945.4
Security, Surveillance and Space: Contested Topologies of Anticipatory Urban Counter-Terrorist Surveillance

Tuesday, July 15, 2014: 9:00 AM
Room: Booth 52
Oral Presentation
Pete FUSSEY , Sociology, University of Essex, Colchester, United Kingdom
Drawing on data generated from ethnographic research and two years of interviews with counter-terrorism practitioners this paper analyses practices and arrangements of domestic security surveillance operations in two empirical case studies: the London Olympic security programme and, also, urban counter-terrorism surveillance measures in a British city. Particular emphasis is placed on the anticipatory turn in security practice and how collapsing distinctions between internal and external security draw multiple new actors and agencies into the dispatch of counter-terrorism and attendant surveillance practices. With them come diverse practices, orthodoxies, values, techniques, weightings of risk and ambitions for security and surveillance.

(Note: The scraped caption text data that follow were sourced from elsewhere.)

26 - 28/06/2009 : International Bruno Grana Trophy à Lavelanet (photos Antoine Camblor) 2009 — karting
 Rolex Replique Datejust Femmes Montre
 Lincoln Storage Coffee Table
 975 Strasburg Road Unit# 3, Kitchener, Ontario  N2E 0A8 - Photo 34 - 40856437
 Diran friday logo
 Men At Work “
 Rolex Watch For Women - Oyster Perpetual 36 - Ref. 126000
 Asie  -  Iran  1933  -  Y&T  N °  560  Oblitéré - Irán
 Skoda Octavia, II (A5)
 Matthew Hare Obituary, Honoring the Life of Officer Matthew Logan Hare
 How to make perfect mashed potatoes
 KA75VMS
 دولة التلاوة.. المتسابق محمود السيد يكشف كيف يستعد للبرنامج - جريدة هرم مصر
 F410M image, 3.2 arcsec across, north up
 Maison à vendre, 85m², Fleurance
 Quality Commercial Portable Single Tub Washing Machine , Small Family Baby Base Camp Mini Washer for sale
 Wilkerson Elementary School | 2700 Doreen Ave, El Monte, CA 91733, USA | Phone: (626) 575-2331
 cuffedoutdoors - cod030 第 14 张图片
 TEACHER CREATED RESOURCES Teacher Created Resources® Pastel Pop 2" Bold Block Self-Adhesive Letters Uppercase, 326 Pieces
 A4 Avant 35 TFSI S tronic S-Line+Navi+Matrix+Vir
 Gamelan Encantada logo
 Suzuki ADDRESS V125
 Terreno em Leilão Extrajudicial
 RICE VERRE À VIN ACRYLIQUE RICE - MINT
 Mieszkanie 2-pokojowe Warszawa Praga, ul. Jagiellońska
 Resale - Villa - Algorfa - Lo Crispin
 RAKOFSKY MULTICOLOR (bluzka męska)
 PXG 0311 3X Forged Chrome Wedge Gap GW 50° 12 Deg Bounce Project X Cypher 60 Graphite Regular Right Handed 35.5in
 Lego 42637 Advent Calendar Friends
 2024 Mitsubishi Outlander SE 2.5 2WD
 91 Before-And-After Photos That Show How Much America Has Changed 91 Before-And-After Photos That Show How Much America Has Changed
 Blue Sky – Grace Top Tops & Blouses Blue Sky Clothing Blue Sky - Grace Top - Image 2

The paper argues that topological approaches informed by Foucauldian notions of ‘security’ (2007) and biopolitics (2008) provide particular utility for understanding of these heterogeneous configurations, techniques and practice of surveillance. Such approaches not only provide conceptual tools to articulate the diversity, plurality, conflict and cohesion within CT practice but, also, capture how power simultaneously operates at different scales and for varying (sometimes competing) purposes. Moreover, the paper argues that such conceptualisations of security represent a move beyond territorial control to the management of circulations, where subjects are left in situ, but their mobilities are monitored, delineated and assessed and, ultimately, reclaims elements of Foucauldian surveillance-focused debate from the shadow of panoptic analyses.